# New 826 OAE User - Autosteer Question



## spiff72 (Jan 18, 2020)

Hello all - first post from a new member...

I just used my new 826 OAE for the second time today and I am not convinced I am a fan of the auto steer on this thing. It is tricky to control on my half-circle driveway. I find that I have fighting to keep it on a consistent line (or more accurately a consistent curve) as I follow the perimeter of my driveway. I have to assume that this is the nature of the auto steer - since I am following a curve and not going in a straight line, the diff is opening up and wanting to make a harder turn than I want to.

I adjusted the skids today because the first time out I picked up a lot of gravel at the base of my driveway (which isn't paved), and I made sure the pressure in both tires was the same (15 PSI). I know now that this is below the spec from the manual (17-20 psi), so I will adjust this to a higher pressure next time out. They were about 20 and 23 to start.

Is this just the nature of the beast in this case? My previous snow blower was a Toro Power Throw 622, which I had pulled the pin from one side after the first or second use, and it stayed that way for the 20 years I owned it. I was used to the steering on that one after so many years, so maybe this is just something that takes getting used to? This one is a lot heavier and larger than the 622, so I hoped the auto steer would work for me.

Any thoughts or recommendations? Should I just pull a pin on this one and see if that helps (assuming that this is possible)? I haven't checked to see if there is a pin to pull on these wheels.

Thanks!


----------



## Kiss4aFrog (Nov 3, 2013)

:welcome: to SBF spiff72

I don't have any experience with Toro auto steer so I'll let someone who has take this one.

.


----------



## minnesotaman82 (Sep 19, 2017)

I have the same exact same 826 with auto steer. The auto steer was OK when I first got it but after reading advice from people on this site I switched out the standard steel skid shoes that came with it for some Toro poly skid shoes. It made all the difference. Basically transformed the snowblower and how the auto steer performed. The poly skid shoes slide much easier and makes the auto steer behave MUCH better. I don’t know why all auto steer snowblowers aren’t equipped with poly skids from the factory.

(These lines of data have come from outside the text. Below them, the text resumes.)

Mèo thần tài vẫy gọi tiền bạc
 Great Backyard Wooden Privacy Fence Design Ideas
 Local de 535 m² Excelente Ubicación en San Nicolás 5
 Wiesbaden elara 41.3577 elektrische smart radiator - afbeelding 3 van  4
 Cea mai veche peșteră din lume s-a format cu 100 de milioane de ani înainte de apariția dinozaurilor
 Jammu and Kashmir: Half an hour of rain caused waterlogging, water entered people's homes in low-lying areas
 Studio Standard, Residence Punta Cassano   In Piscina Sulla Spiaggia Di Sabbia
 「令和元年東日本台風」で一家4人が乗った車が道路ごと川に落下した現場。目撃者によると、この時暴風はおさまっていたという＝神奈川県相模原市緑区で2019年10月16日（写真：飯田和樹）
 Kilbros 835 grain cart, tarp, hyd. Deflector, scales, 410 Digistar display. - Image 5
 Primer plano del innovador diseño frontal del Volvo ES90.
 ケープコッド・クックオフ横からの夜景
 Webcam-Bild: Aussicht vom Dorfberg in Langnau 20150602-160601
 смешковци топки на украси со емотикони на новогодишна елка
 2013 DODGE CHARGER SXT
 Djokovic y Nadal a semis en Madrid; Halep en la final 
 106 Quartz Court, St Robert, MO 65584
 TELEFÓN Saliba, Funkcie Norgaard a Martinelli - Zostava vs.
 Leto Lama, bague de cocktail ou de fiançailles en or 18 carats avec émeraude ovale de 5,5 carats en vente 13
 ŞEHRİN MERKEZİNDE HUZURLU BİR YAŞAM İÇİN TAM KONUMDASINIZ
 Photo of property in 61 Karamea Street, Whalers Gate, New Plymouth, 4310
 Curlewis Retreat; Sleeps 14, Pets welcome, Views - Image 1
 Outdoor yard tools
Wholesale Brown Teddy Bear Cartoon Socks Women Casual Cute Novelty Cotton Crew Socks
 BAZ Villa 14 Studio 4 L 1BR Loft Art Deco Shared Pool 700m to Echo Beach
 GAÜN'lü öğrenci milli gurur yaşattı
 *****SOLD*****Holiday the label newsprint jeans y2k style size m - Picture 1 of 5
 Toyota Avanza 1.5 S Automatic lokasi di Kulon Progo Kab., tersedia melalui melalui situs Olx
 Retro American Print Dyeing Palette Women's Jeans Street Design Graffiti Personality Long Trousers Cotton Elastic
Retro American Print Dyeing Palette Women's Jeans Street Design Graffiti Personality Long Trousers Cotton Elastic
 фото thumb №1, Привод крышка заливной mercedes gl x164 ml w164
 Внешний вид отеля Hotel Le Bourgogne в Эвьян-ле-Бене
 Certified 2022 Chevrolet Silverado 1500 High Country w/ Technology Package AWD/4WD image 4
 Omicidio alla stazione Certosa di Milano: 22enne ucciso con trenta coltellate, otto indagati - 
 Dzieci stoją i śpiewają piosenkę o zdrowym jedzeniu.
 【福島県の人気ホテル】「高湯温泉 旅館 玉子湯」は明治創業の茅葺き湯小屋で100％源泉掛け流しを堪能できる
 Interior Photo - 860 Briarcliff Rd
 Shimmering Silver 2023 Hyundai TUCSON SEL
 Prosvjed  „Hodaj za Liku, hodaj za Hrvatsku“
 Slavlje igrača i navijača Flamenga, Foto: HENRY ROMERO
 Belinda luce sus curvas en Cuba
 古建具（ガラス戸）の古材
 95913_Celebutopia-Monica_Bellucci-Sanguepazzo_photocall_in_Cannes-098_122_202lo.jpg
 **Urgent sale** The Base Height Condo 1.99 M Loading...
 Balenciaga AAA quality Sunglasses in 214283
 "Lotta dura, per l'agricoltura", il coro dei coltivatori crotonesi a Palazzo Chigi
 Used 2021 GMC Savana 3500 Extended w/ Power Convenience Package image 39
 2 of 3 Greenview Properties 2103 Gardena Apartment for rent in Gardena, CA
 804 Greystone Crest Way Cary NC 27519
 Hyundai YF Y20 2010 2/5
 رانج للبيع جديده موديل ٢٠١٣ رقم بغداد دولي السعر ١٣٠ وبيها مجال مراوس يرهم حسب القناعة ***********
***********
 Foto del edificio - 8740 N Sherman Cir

Sent from my iPhone using Tapatalk


----------



## penna stogey (Nov 25, 2019)

Throwing the welcome mat from Gettysburg, Penna...


----------



## spiff72 (Jan 18, 2020)

minnesotaman82 said:


> I have the same exact same 826 with auto steer. The auto steer was OK when I first got it but after reading advice from people on this site I switched out the standard steel skid shoes that came with it for some Toro poly skid shoes. It made all the difference. Basically transformed the snowblower and how the auto steer performed. The poly skid shoes slide much easier and makes the auto steer behave MUCH better. I don’t know why all auto steer snowblowers aren’t equipped with poly skids from the factory.
> 
> 
> Sent from my iPhone using Tapatalk


Thanks - I will look into getting a pair of those.

My other issue is that the engine surges when under load. (Which seems to be the opposite problem that most people seem to have (surging at idle). I need to look into this one a bit more. The gas is only about 2 months old (bought this new and bought new gas and put Stabil in it, and then waited 2 months for snow to come (to be expected when buying a new snowblower!).

I might have to post this one in a new thread to see if it gets any suggestions.


----------